■ **WORK INSTRUCTION**
Set down the data below exactly; pictures stay out.

▽

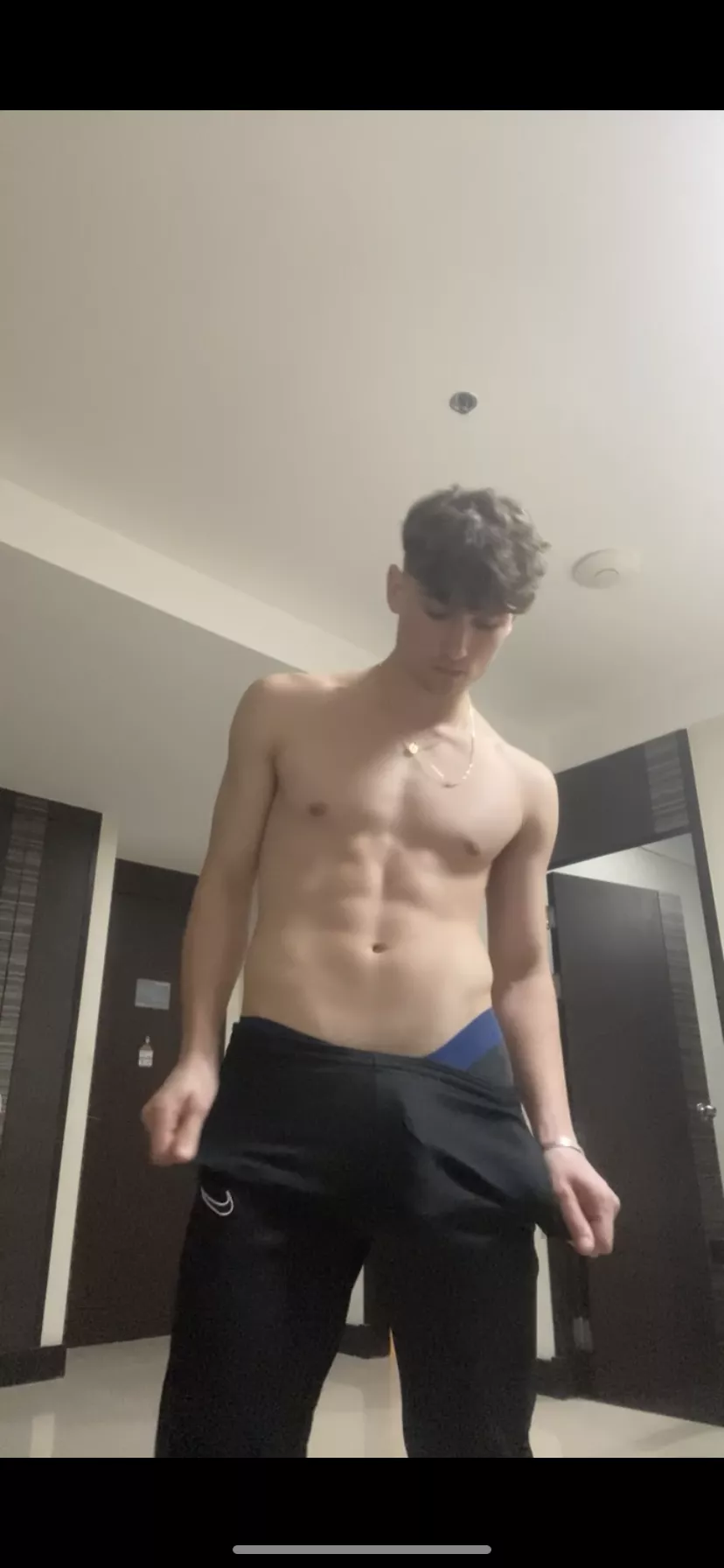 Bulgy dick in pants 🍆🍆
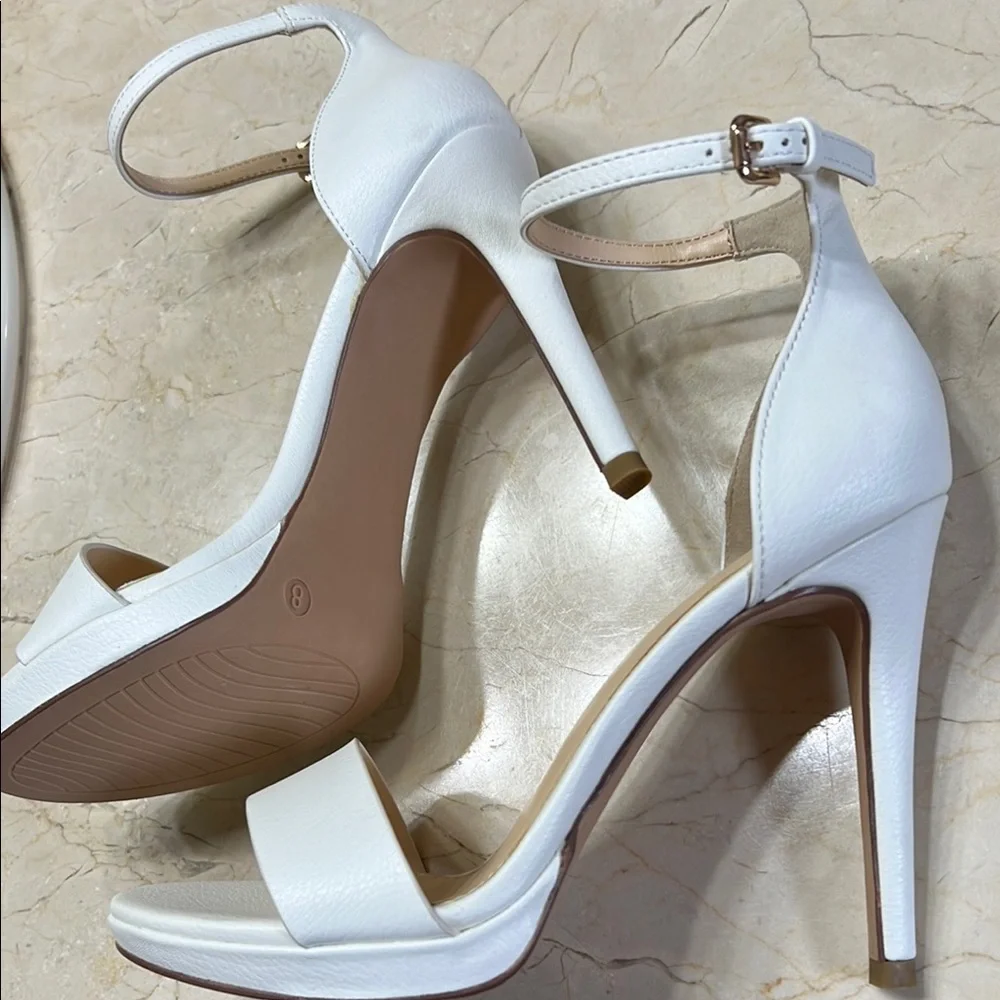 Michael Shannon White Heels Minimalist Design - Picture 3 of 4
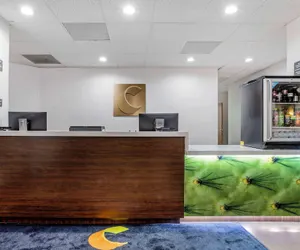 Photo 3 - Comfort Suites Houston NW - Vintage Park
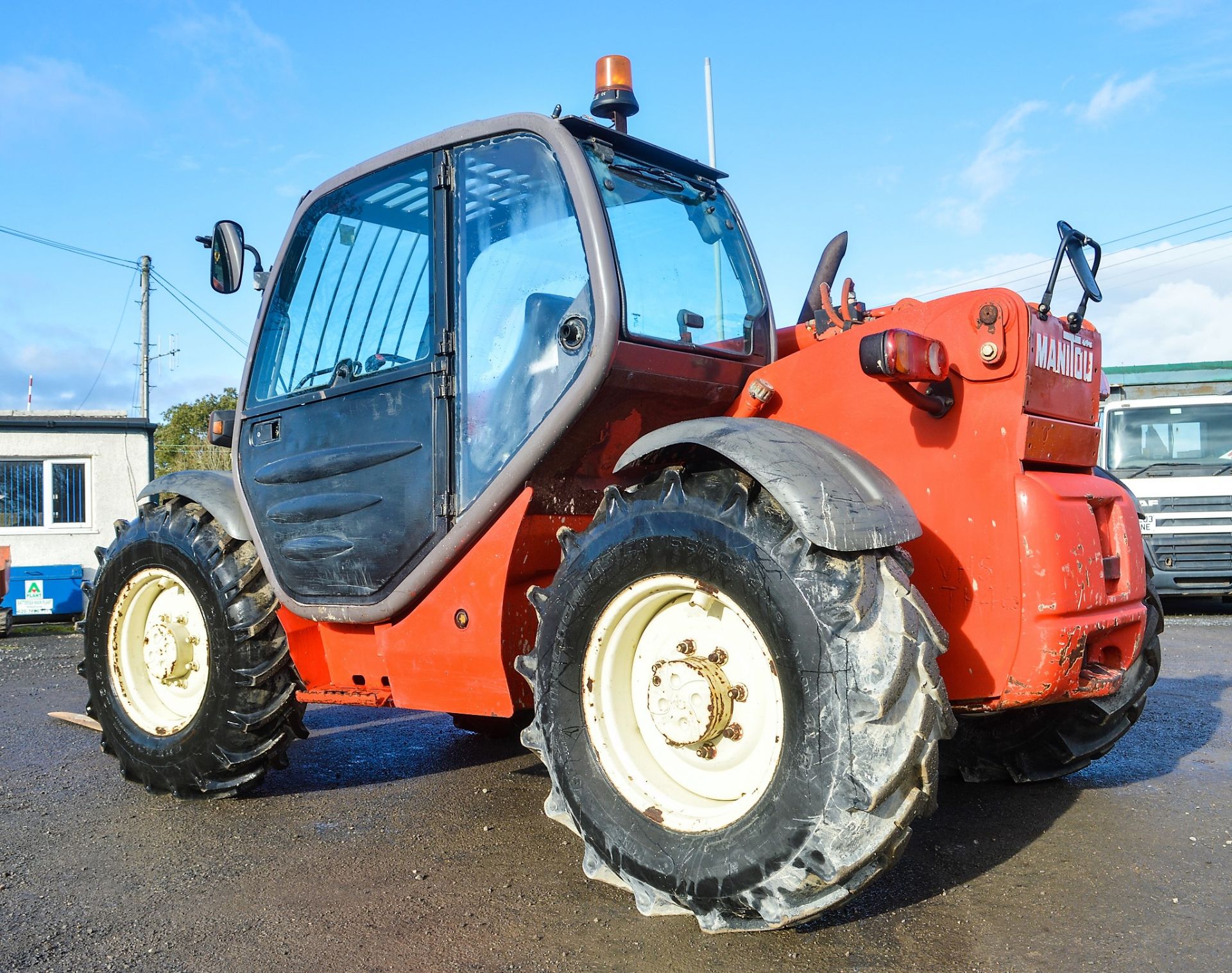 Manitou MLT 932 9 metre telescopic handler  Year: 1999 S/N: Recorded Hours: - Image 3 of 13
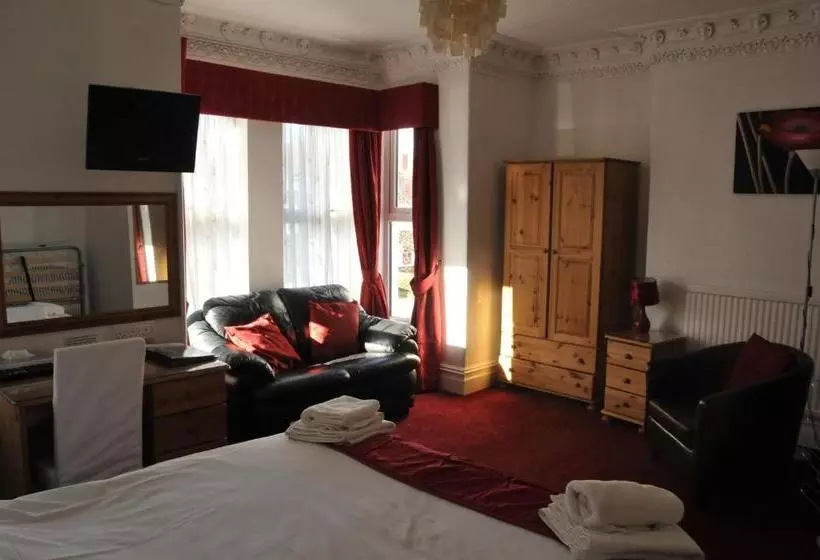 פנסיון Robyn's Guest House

△

■ **ANSWER SECTION**
 Bulgy dick in pants 🍆🍆
 Michael Shannon White Heels Minimalist Design - Picture 3 of 4
 Photo 3 - Comfort Suites Houston NW - Vintage Park
 Manitou MLT 932 9 metre telescopic handler  Year: 1999 S/N: Recorded Hours: - Image 3 of 13
 פנסיון Robyn's Guest House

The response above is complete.